After training is finished and convert the weight to generate ip_adapter.bin, then run the inference code ip_adapter-plus_demo.py with the following model paths in this file:

base_model_path = "SG161222/Realistic_Vision_V4.0_noVAE"
vae_model_path = "stabilityai/sd-vae-ft-mse"
image_encoder_path = "models/image_encoder"
ip_ckpt = "out_model/demo_plus_checkpoint/ip_adapter.bin"

It shows the error:

raise RuntimeError('Error(s) in loading state_dict for {}:\n\t{}'.format(
RuntimeError: Error(s) in loading state_dict for ModuleList:
        Missing key(s) in state_dict: "1.to_k_ip.weight", "1.to_v_ip.weight", "3.to_k_ip.weight", "3.to_v_ip.weight", "5.to_k_ip.weight", "5.to_v_ip.weight", "7.to_k_ip.weight", "7.to_v_ip.weight", "9.to_k_ip.weight", "9.to_v_ip.weight", "11.to_k_ip.weight", "11.to_v_ip.weight", "13.to_k_ip.weight", "13.to_v_ip.weight", "15.to_k_ip.weight", "15.to_v_ip.weight", "17.to_k_ip.weight", "17.to_v_ip.weight", "19.to_k_ip.weight", "19.to_v_ip.weight", "21.to_k_ip.weight", "21.to_v_ip.weight", "23.to_k_ip.weight", "23.to_v_ip.weight", "25.to_k_ip.weight", "25.to_v_ip.weight", "27.to_k_ip.weight", "27.to_v_ip.weight", "29.to_k_ip.weight", "29.to_v_ip.weight", "31.to_k_ip.weight", "31.to_v_ip.weight".
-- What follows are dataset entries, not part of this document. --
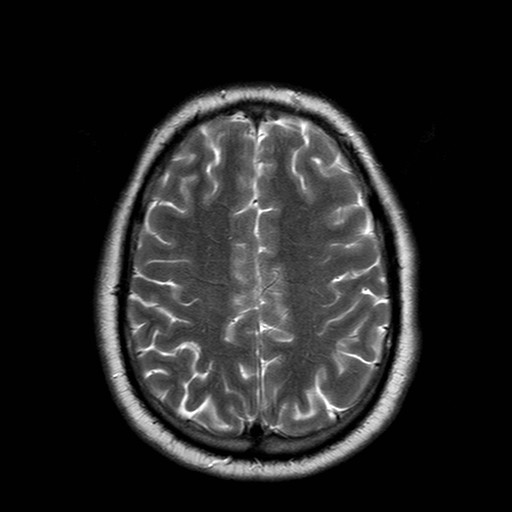 File:Neuro-Behcet's disease (Radiopaedia 21557-21505 Axial T2 17).jpg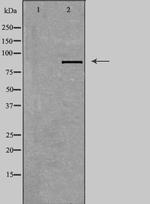 TACC1 Antibody in Western Blot (WB)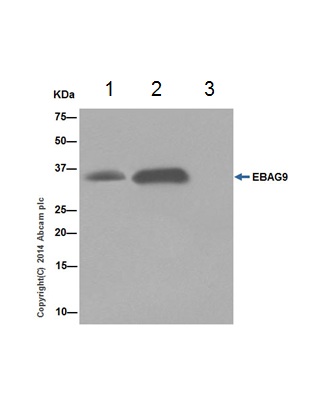 EBAG9 was immunoprecipitated from 1mg of HEK293 (Human embryonic kidney) whole cell lysate with ab200348 at 1/80 dilution. Western blot was performed from the immunoprecipitate using ab200348 at 1/1000 dilution. Anti-Rabbit IgG (HRP), specific to the non-reduced form of IgG, was used as secondary antibody at 1/1500 dilution.Lane 1: HEK293 whole cell lysate 10 µg (Input). Lane 2: ab200348 IP in HEK293 whole cell lysate. Lane 3: Rabbit monoclonal IgG (ab172730) instead of ab200348 in HEK293 whole cell lysate.Blocking and dilution buffer and concentration: 5% NFDM/TBST.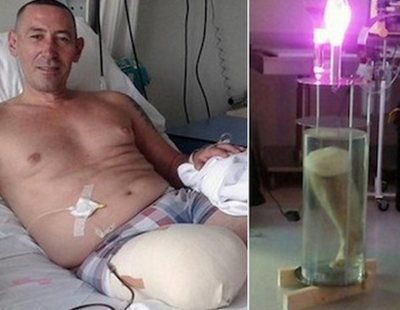 Convierte su pierna amputada en una lámpara y la intenta vender en eBay por 108.000 euros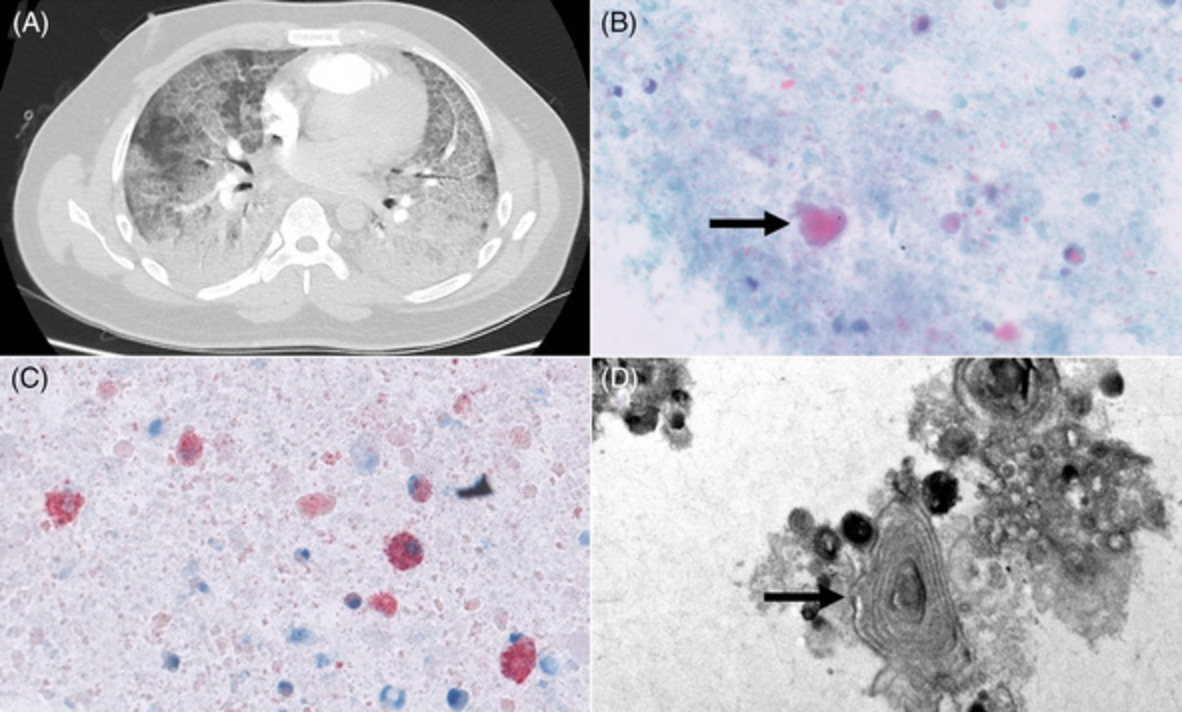 Autoimmune pulmonary alveolar proteinosis with a history of vaping and vitamin E‐positive bronchoalveolar lavage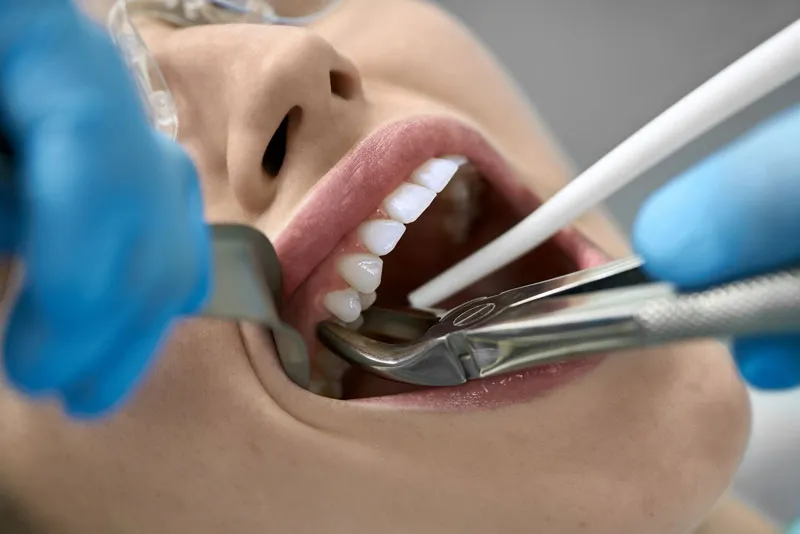 A patient getting his teeth removed with the help of a dentist.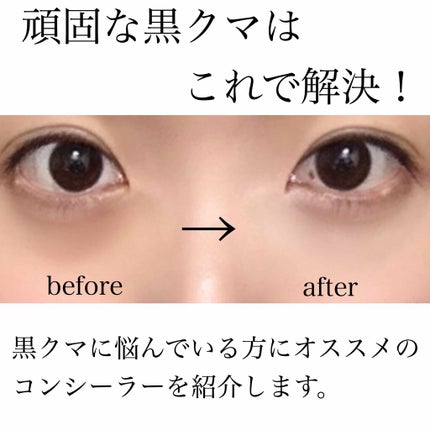 ラディアント タッチ/YVES SAINT LAURENT BEAUTE/リキッドコンシーラーを使ったクチコミ(1枚目)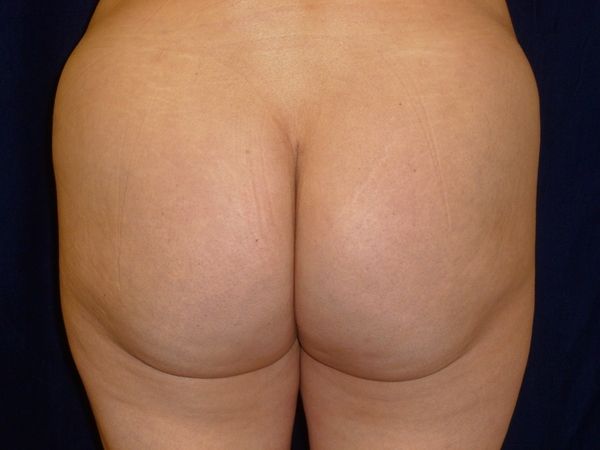 after brazilian butt lift back view female patient case 3233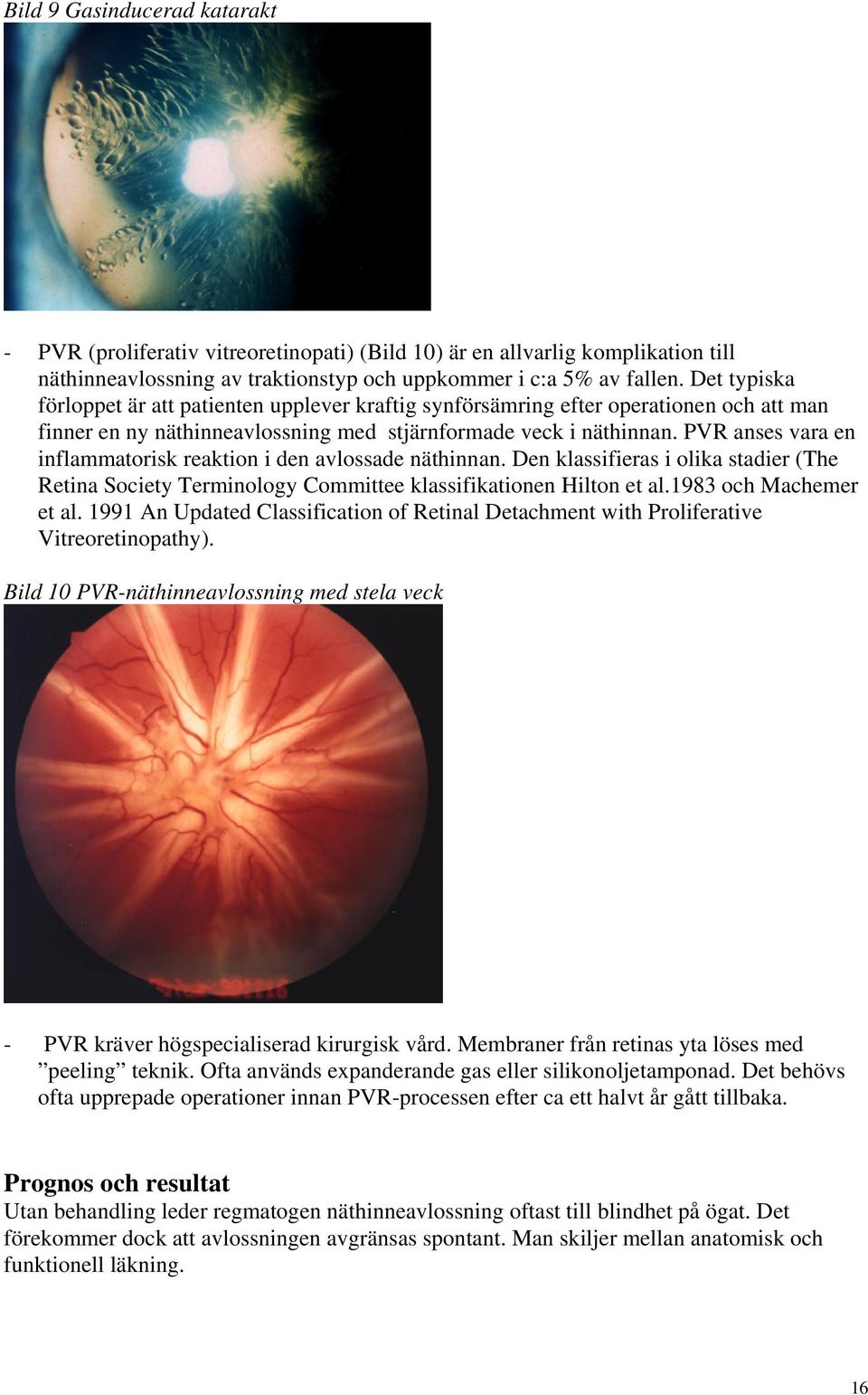 PVR anses vara en inflammatorisk reaktion i den avlossade näthinnan. Den klassifieras i olika stadier (The Retina Society Terminology Committee klassifikationen Hilton et al.1983 och Machemer et al.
Any step wrong to cause this error?


Solution

  • The model can be trained and inferenced successfully now: Set safe_serialization to False in model training file tutorial_train_plus.py:

    accelerator.save_state(save_path, safe_serialization=False)
    

    It will generate pytorch_model.bin instead of model.safetensors during training.

    Once training is complete, modify the model conversion code as below based on the original instructions in readme:

    ckpt = "pytorch_model.bin" # set correct path
    sd = torch.load(ckpt)
    

    Model file ip_adapter.bin will be generated for inference.